Wir haben hier nichts Neues, aber bekanntermaßen kann man auch aus Altem gute Werke schaffen – so wie Beyond The Void is tun. Typischer Gothic-Rock unterlegt mit atmosphärischen Synthesizern. Ein besonderes Lob ist den Gitarristen auszusprechen, denn häufig genug kommt es in diesem Genre vor, dass die Gitarristen eine Melodie vor sich hin spielen, die pausenlos weiter läuft und keinen Platz mehr für eine gelungene Bass-Stimme oder schöne Synth-Sequenzen lässt.

Die Gitarristen lassen immer gelungene Pausen in ihr durchaus flüssiges Spiel einfließen, wodurch der Bass häufiger gut zur Geltung kommt - was mir sehr gut gefällt - tragen die Refrains aber trotzdem stetig voran!

Der Sänger leistet ebenfalls ganze Arbeit – in seiner doch eher sanften Tonlage ist er selbstsicher und findet sich gut zurecht. Wenn es jedoch etwas aggressiver zu Gange geht, fängt er schnell ein wenig zu krächzen an, sodass man sich hier doch etwas mehr Abwechselung wünschen könnte.

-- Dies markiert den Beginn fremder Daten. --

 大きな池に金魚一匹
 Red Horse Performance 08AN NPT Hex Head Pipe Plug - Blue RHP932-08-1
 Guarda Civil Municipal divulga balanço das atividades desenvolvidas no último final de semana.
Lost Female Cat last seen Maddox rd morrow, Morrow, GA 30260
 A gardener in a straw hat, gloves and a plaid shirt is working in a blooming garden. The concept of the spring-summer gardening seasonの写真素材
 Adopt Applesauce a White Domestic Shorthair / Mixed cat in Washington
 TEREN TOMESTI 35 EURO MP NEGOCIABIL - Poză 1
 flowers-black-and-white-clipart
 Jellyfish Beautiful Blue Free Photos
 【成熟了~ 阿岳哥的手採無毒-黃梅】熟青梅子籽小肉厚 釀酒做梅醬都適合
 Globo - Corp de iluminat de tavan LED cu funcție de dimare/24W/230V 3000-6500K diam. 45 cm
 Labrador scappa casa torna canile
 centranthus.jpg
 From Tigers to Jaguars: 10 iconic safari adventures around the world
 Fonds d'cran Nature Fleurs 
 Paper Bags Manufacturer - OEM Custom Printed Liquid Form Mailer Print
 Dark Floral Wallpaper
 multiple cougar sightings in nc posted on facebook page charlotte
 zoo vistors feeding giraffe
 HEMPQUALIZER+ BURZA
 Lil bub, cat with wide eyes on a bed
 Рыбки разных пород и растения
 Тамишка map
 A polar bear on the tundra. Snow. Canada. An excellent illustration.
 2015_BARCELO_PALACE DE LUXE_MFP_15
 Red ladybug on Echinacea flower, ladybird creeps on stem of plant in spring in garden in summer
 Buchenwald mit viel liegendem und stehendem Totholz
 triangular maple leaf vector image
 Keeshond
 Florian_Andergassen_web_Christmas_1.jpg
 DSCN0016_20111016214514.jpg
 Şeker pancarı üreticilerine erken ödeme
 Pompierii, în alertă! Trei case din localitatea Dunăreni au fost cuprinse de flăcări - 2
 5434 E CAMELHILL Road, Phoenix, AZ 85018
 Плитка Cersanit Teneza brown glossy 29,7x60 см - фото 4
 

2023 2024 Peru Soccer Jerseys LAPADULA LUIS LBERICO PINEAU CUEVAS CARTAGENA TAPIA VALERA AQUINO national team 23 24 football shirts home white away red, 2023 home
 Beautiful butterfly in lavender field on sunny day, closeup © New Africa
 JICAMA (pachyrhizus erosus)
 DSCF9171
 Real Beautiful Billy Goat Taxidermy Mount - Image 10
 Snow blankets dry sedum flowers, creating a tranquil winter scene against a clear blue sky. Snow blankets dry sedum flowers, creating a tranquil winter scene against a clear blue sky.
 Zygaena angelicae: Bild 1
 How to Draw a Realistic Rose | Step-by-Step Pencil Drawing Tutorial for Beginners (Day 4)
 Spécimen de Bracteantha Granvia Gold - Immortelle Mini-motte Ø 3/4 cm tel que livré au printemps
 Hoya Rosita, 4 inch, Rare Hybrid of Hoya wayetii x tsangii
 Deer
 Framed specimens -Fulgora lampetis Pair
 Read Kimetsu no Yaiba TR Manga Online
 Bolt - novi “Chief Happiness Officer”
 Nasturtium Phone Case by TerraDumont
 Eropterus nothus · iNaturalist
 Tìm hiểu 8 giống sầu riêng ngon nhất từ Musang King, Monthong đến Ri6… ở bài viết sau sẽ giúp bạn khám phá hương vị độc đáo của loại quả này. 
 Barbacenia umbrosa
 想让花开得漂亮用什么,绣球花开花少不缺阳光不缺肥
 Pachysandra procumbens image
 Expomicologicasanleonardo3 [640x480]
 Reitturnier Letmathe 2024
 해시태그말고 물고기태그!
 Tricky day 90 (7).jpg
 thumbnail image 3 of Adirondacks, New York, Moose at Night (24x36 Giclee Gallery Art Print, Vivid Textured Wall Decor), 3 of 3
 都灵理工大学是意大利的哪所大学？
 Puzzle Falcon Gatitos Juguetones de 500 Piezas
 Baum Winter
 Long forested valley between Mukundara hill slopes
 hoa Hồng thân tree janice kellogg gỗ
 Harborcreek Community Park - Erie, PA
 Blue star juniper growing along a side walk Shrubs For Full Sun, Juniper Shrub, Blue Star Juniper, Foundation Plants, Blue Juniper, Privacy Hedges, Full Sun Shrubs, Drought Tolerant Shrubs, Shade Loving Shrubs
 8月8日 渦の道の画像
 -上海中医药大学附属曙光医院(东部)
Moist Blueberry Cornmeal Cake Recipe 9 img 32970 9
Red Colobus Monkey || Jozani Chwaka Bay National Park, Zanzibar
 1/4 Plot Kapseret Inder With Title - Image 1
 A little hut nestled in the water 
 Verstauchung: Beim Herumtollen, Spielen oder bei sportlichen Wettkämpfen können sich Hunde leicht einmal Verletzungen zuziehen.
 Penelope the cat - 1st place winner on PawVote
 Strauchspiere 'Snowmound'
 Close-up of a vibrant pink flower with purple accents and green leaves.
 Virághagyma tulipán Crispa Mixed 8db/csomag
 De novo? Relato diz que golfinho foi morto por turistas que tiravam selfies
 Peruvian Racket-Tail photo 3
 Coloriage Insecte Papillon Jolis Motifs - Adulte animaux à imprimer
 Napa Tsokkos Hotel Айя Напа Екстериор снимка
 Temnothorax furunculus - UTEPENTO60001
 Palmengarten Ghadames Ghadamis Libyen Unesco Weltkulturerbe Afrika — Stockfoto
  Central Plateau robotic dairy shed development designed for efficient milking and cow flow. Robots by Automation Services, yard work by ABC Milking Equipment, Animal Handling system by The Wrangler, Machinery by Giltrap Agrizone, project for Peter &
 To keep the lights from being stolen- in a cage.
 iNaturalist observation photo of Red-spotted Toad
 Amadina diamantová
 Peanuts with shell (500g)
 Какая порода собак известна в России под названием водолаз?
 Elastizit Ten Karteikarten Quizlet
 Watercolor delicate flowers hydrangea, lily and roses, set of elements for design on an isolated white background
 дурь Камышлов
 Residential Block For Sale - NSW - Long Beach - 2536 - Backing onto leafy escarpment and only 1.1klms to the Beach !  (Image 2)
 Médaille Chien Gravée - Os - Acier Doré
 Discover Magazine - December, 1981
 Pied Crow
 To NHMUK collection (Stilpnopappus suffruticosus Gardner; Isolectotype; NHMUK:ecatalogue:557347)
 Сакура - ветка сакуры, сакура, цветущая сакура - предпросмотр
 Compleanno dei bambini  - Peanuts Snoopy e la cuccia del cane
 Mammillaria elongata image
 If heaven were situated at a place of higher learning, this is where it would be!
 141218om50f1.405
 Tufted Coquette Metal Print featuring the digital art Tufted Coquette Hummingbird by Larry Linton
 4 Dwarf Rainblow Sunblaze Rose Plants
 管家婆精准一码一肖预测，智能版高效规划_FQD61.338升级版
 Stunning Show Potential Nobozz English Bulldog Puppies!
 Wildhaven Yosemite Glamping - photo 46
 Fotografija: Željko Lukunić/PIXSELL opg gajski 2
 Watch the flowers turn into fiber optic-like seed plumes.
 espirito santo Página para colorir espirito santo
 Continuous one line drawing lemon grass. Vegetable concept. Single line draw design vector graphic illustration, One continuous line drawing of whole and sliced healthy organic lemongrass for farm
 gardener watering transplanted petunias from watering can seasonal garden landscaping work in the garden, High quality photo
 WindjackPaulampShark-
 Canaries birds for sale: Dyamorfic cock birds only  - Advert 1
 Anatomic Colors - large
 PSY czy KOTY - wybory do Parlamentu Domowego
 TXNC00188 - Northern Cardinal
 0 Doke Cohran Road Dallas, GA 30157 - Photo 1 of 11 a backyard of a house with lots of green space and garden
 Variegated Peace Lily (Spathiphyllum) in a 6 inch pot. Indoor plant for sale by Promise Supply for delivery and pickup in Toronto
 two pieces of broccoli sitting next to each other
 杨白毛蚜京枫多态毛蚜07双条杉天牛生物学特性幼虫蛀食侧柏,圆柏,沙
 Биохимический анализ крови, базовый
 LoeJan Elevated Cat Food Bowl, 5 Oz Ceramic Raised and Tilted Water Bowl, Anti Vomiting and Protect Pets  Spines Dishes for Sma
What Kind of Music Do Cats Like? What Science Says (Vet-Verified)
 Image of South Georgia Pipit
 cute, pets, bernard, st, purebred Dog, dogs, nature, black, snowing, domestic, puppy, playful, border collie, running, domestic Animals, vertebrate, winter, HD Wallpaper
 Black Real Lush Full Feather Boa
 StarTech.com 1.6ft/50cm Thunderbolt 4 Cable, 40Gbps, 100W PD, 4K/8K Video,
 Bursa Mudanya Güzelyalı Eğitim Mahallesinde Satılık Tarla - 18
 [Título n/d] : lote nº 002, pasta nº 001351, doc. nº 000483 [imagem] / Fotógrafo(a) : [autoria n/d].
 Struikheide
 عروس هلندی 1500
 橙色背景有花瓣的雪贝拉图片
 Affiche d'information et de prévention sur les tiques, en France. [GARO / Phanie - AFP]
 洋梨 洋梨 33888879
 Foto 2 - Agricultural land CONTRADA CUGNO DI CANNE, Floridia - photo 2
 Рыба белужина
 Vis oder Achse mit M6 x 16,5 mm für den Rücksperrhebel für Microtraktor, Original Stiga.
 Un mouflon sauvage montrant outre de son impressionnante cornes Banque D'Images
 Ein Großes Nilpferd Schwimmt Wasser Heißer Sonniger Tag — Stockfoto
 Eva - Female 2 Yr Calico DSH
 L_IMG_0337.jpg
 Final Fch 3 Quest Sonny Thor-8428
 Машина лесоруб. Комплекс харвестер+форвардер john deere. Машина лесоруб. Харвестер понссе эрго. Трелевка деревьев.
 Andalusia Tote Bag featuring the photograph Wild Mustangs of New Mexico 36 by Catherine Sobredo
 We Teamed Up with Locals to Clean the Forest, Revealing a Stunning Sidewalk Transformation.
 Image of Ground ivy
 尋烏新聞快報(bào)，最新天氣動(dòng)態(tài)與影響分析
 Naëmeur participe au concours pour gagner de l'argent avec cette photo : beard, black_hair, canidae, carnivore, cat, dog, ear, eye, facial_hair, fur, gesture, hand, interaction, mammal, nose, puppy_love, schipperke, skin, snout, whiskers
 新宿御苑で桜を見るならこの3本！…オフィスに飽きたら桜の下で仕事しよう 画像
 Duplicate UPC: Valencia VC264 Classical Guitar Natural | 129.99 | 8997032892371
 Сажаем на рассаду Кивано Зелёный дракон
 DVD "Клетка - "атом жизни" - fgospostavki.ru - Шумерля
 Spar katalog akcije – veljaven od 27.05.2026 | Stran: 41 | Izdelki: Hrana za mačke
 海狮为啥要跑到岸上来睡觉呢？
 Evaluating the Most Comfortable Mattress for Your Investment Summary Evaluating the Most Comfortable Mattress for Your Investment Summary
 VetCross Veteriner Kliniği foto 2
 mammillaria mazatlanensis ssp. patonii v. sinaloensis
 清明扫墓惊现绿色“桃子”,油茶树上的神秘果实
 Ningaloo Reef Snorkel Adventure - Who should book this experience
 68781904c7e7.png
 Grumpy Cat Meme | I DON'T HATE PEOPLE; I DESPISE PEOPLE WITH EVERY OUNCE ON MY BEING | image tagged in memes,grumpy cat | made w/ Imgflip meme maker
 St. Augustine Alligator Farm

Fazit: Insgesamt weiß diese CD doch zu überzeugen, auch wenn die ganz großen Knaller wie „Reality Won’t Do“ oder „Defiance To The End“ vom Vorgänger-Album fehlen, doch alles in allem ist der Drittling dennoch ein gelungenes Werk mit sehr wohl starken Stücken, aber auch nicht ganz so dramatischen Songs wie beispielsweise „Cyanid Eyes“, aber das ist wohl bei jeder CD ein wenig der Fall.